Rojava kadın devriminden önce kadınların ekonomik, toplumsal, siyasi ve iş hayatına katılımı oldukça zayıf hatta öğretmenlik, doktorluk ve avukatlık gibi bazı meslek dışında kadınlar için başka iş alanı yok denilecek kadar azdı. Siyasette ise kadın yoktu. Rojava devrimi ile birlikte kadınların yaşamı 180 derece değişti, kadınlar özerk yönetim mekanizmalarının oluşturulmasına öncülük etti, siyasi, toplumsal, ekonomik, askeri, eğitim alanları başta olmak üzere kendilerine kapalı olan tüm alanlara katılmaktan öte bu alanlarda öncü oldu. 2014 yılında Kadın Kanunları ilan edildi, Kadın Adalet Meclisi oluşturuldu 2021 yılında ise kadın özgürlüğü ve ekolojik bir yaşam üzerinden şekillenen Toplumsal Sözleşme güncellendi.
Kadınlar devrimin ilk başlarında kadın adalet meclislerinin temeli Mala JIN (Kadın evleri) ile atıldı. Kadınlar ya da çocuklar yaşadıkları sorunları ilk olarak Mala JIN'a taşıyor, sorunlara burada farklı komiteler tarafından çözüm aranıyor, burada çözülemeyen sorunlar ise kadın adalet mahkemelerine taşınıyor. Bölgedeki tüm kadın örgütleri ise kadın bakanlığı çatısı altında buluşuyor. Bölgedeki tüm kurumlar, siyasi oluşumlar hatta köy komünleri de eşbaşkanlık sistemi ile yönetiliyor, eşbaşkanlık sistemi sadece Kürtlerin yaşadığı bölge değil tüm Kuzey ve Doğu Suriye'de uygulanıyor, Arap aşiretlerinin yoğunluk gösterdiği Dêrazor ve Reqa gibi kentler de tamamen bu kadın özgürlüğüne dayalı sistem ile yönetiliyor. Şengal ve Maxmur da aynı kadın özgürlüğü ve ekolojik yaşam esasları üzerinden inşa edilen özerk sistem tarafından yönetiliyor. İşte Türk devletinin de saldırılarıyla ortadan kaldırmak istediği bu kadın özgürlükçü sistemdir.

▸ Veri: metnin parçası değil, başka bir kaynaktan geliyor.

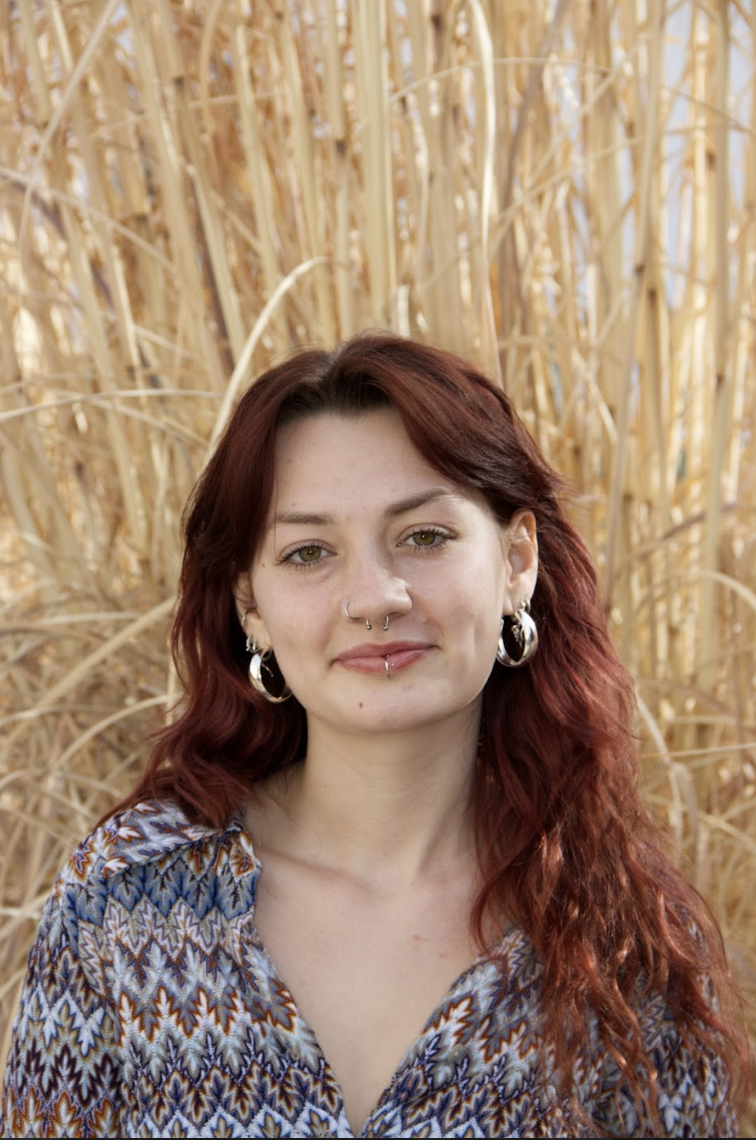 Headshot of Zinnia Crowley in a blue and maroon blouse.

Suriye Gelecek Partisi’nin Genel Sekreteri Hevrîn Xelef, Kongreya Star Fırat Bölge Koordinasyonu üyesi Zehra Berkel, Mizgin Xelil, Emine Weysi gibi kadın öncülere yapılan bu saldırıların hedefinde de bu kadın özgürlükçü paradigma vardı. Bu saldırılarla kadın öncülüğünde gelişen demokratik, ekolojik ve kadın özgürlükçü sistemin yok edilmesi amaçlanıyor. Bu nedenle saldırılar bu kadar sistematik bir şekilde gerçekleştiriliyor. Çünkü artık bu paradigma Ortadoğu'nun sınırlarını aşıyor ve kapitalist moderniteyi temelinden sarsıyor. Bu nedenle Kuzey ve Doğu Suriye'yi, Şengal'i ve Maxmur'u savunmak ve Türk devletinin saldırılarına karşı durmak özgürlük ve eşitlik isteyen tüm kadınların görevidir.